Tentu saja Indonesia tidak sendirian. Hampir semua negara di dunia juga masuk resesi. Tapi, hampir semua negara-negara tersebut masih menjalankan program ekonomi secara normal. Tidak seperti Indonesia yang sangat heboh.
Pertama, Indonesia heboh mengeluarkan PERPPU (dan UU) Corona, yang menghapus antara lain larangan Bank Indonesia membeli Surat Berharga Negara (SBN) di pasar primer. Penghapusan larangan ini membuat Bank Indonesia sekarang bisa beli SBN di pasar primer. Di mana hal ini taboo dilakukan oleh kebanyakan Bank Sentral terkemuka dunia.Kedua, pemerintah heboh membentuk gugus tugas Pemulihan Ekonomi Nasional (PEN). Namanya terkesan sangat akademis: Pemulihan Ekonomi Nasional. Padahal di negara lain dilakukan dengan cara biasa-biasa saja. Setiap kementerian masih melakukan tugasnya masing-masing.
Pemulihan ekonomi memang seharusnya melalui koridor yang sudah ada saja . Yaitu, mengaktifkan stimulus fiskal dan stimulus moneter. Kedua stimulus ini harus saling mendukung agar efektif. Stimulus fiskal dicapai melalui peningkatan defisit anggaran. Ini memang sudah dilakukan, meskipun belum efektif. Karena sarat politisasi.
Kelompok mana yang harus mendapat bantuan stimulus: korporasi vs rakyat jelata? Korporasi besar vs UMKM? Rakyat yang bekerja di sektor formal atau informal? Atau semua rakyat mendapat bantuan yang sama?
Di lain sisi, kebijakan moneter harus bisa mendukung kebijakan fiskal agar stimulus fsikal tidak mubazir.
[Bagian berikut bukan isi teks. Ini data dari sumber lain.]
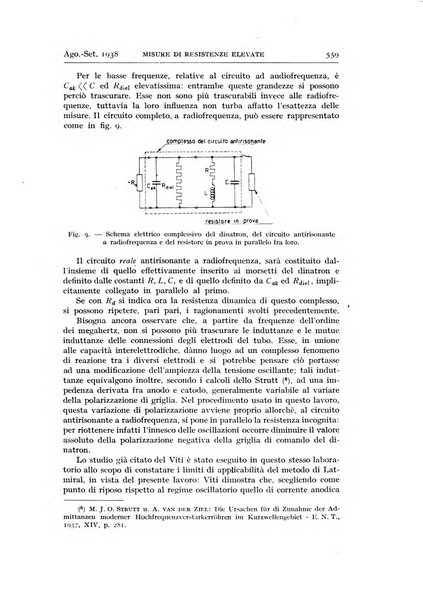 Alta frequenza rivista di radiotecnica, telefonia e acustica applicata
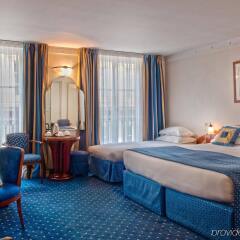 Отель Hôtel Opéra Richepanse Франция, Париж - 2 отзыва об отеле, цены и фото номеров - забронировать отель Hôtel Opéra Richepanse онлайн комната для гостей фото 5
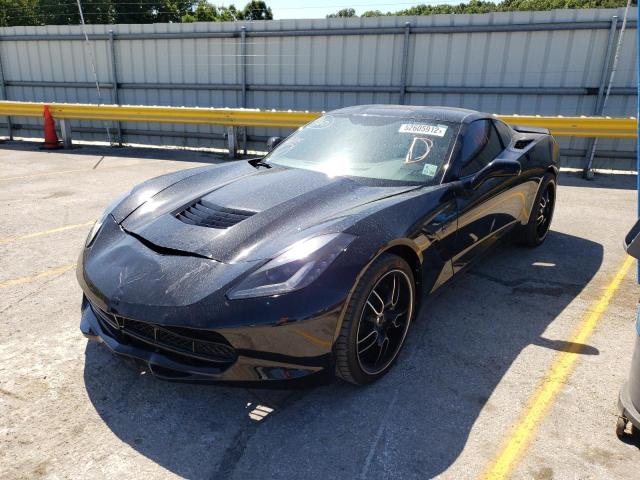 Photo 2 from auction – 2016 CHEVROLET CORVETTE S with VIN 1G1YB2D76G5114476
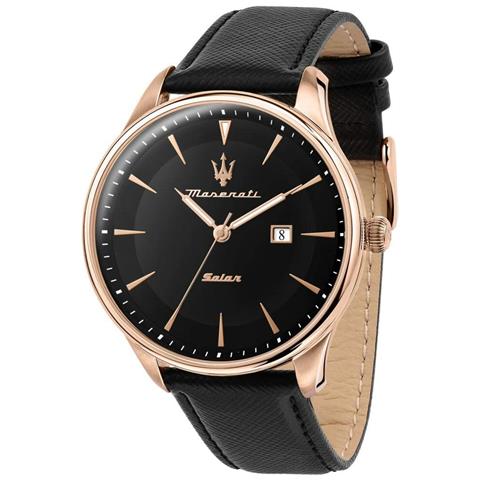 Orologio Uomo Maserati R8851146001 Nero - Foto 1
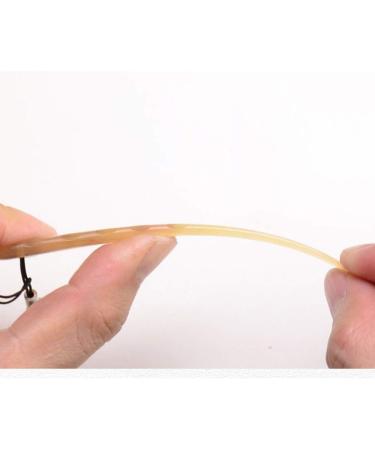 Linshing Ear Pick Horn Spoon Sanitary Maintenance Health Care Cleaner Soft Elastic (Long) (B) - Buy Online on GoSupps.com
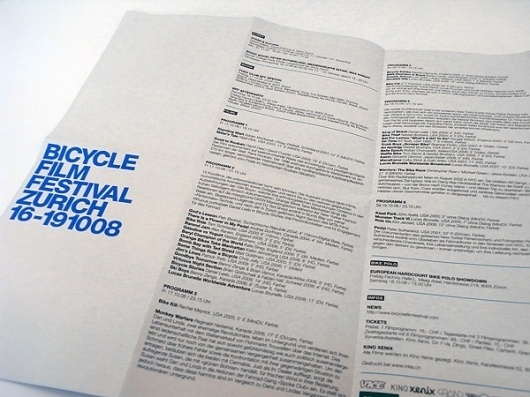 Pascal Alexander #print #festival #bicycle #film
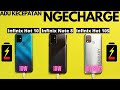 ADU NGECHARGE Inifnix Hot 10S vs Infinix Note 8 vs Infinix Hot 10 Indonesia || GADGET VERSUS #44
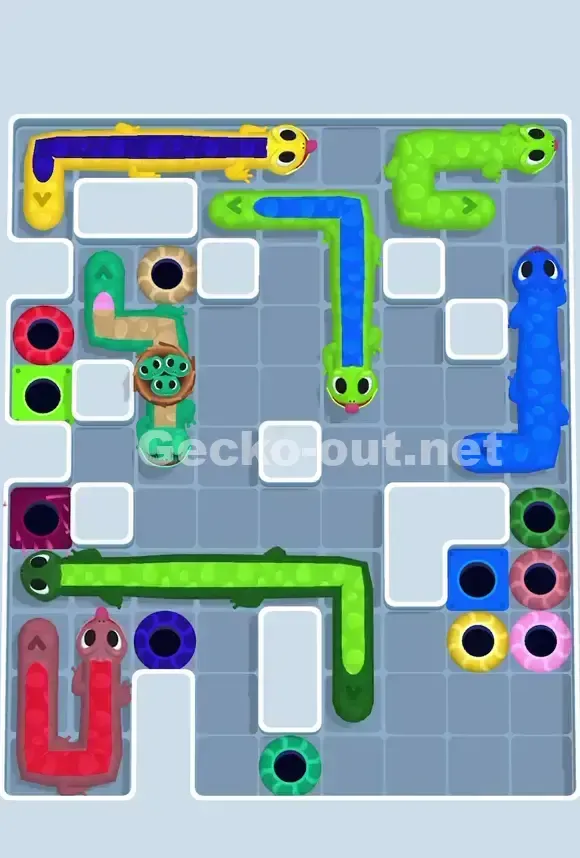 Gecko Out Level 708 Solution 2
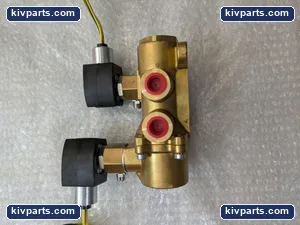 ASCO EFHC8344G080MO Dual Coil Solenoid Valve – actual item, photo 4 of 6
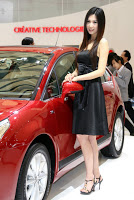 Babes Shanghai Auto Show China - Carscoop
Kebijakan moneter di saat resesi juga sangat umum, menurunkan suku bunga.
Saat resesi, likuiditas menjadi ketat. Banyak perusahaan dan nasabah perorangan gagal bayar bunga pinjaman dan cicilan utang. Membuat likuiditas sektor perbankan juga menjadi ketat. Artinya, permintaan likuiditas meningkat. Di sisi lain, supply likuiditas turun. Kondisi ini membuat suku bunga cenderung naik. Kalau didiamkan, konsumsi masyarakat akan turun tajam, pertumbuhan ekonomi semakin memburuk.
Suku bunga rendah membuat konsumsi masyarakat meningkat dan menggairahkan ekonomi. Suku bunga rendah akan memberi destimulus menabung. Konsumen akan lebih memilih belanja, dengan memanfaat suku bunga rendah untuk membeli durable goods: motor, mobil, properti, serta barang rumah tangga lainnya. Suku bunga rendah juga membantu biaya kredit (cost of borrowing) menjadi lebih murah, sehingga dapat membantu perusahaan bertahan hidup.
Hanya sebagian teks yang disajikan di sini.